“Novel Statistical Frameworks for Analysis of Structured Sequential Data”
Dr. Abhra Sarkar, Duke University
Date: Thursday, February 04, 2016
Time: 3:30 PM – 4:30 PM
Location: Engineering Hall Room 106B1
Sponsor: Department of Statistics
We are developing a broad array of novel statistical frameworks for analyzing complex sequential data sets. Our research is primarily motivated by a collaboration with neuroscientists trying to understand the neurological, genetic and evolutionary basis of human communication using bird and mouse models. The data sets comprise structured sequences of syllables or `songs’ produced by animals from different genotypes under different experimental conditions. The primary goal is then to elucidate the roles of different genotypes and experimental conditions on animal vocalization behaviors and capabilities. We have developed novel statistical methods based on first order Markovian dynamics that help answer these important scientific queries.
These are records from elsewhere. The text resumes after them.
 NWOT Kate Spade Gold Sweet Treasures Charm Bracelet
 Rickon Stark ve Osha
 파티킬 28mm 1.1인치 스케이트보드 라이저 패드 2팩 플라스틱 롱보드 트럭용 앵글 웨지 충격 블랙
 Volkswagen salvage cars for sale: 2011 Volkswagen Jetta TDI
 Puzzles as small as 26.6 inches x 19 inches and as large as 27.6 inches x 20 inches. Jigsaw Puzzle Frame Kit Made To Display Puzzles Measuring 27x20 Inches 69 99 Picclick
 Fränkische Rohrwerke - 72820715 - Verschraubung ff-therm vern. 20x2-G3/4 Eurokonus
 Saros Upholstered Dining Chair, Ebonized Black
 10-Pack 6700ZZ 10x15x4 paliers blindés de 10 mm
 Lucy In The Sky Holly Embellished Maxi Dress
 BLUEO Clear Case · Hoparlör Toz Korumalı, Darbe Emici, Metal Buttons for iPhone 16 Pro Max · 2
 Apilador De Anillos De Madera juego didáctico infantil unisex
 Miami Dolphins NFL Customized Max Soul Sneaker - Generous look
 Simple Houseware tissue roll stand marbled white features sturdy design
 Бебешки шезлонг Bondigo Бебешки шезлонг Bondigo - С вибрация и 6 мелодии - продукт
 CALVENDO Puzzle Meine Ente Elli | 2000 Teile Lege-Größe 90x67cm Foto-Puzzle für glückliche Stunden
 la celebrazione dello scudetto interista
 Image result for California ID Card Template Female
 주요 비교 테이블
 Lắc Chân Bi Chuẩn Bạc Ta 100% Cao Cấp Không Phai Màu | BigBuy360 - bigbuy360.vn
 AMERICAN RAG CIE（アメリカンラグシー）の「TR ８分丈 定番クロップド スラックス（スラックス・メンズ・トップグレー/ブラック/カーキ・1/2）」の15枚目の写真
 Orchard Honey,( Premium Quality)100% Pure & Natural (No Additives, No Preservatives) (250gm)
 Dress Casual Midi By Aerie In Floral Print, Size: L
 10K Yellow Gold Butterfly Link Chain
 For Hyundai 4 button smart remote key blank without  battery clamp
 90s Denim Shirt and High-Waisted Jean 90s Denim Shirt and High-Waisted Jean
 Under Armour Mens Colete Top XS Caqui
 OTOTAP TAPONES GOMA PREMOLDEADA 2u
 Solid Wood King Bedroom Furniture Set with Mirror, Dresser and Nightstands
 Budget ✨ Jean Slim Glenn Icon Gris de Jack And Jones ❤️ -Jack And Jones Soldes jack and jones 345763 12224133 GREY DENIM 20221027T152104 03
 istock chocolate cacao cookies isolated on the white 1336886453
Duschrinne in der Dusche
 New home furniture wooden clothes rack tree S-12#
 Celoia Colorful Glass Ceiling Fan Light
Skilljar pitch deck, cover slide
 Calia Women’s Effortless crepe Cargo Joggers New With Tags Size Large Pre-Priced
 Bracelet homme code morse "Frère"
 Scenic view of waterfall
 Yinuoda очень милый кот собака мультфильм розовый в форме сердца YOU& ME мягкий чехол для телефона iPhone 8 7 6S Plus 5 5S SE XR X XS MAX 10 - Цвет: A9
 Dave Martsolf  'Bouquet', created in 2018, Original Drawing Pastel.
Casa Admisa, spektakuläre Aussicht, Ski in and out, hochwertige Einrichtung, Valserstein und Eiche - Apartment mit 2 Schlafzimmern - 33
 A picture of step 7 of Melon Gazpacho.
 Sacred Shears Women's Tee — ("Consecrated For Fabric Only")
First order dynamics is, however, insufficiently flexible to learn complex serial dependency structures and systematic patterns in the vocalizations, an important secondary goal in these studies. To this end, we have developed a sophisticated nonparametric Bayesian approach to higher order Markov chains building on probabilistic tensor factorization techniques. Our proposed method is of very broad utility, with applications not limited to analysis of animal vocalizations, and provides new insights into the serial dependency structures of many previously analyzed sequential data sets arising from diverse application areas. Our method has appealing theoretical properties and practical advantages, and achieves substantial gains in performance compared to previously existing methods. Our research also paves the way to advanced automated methods for more sophisticated dynamical systems, including higher order hidden Markov models that can accommodate more general data types.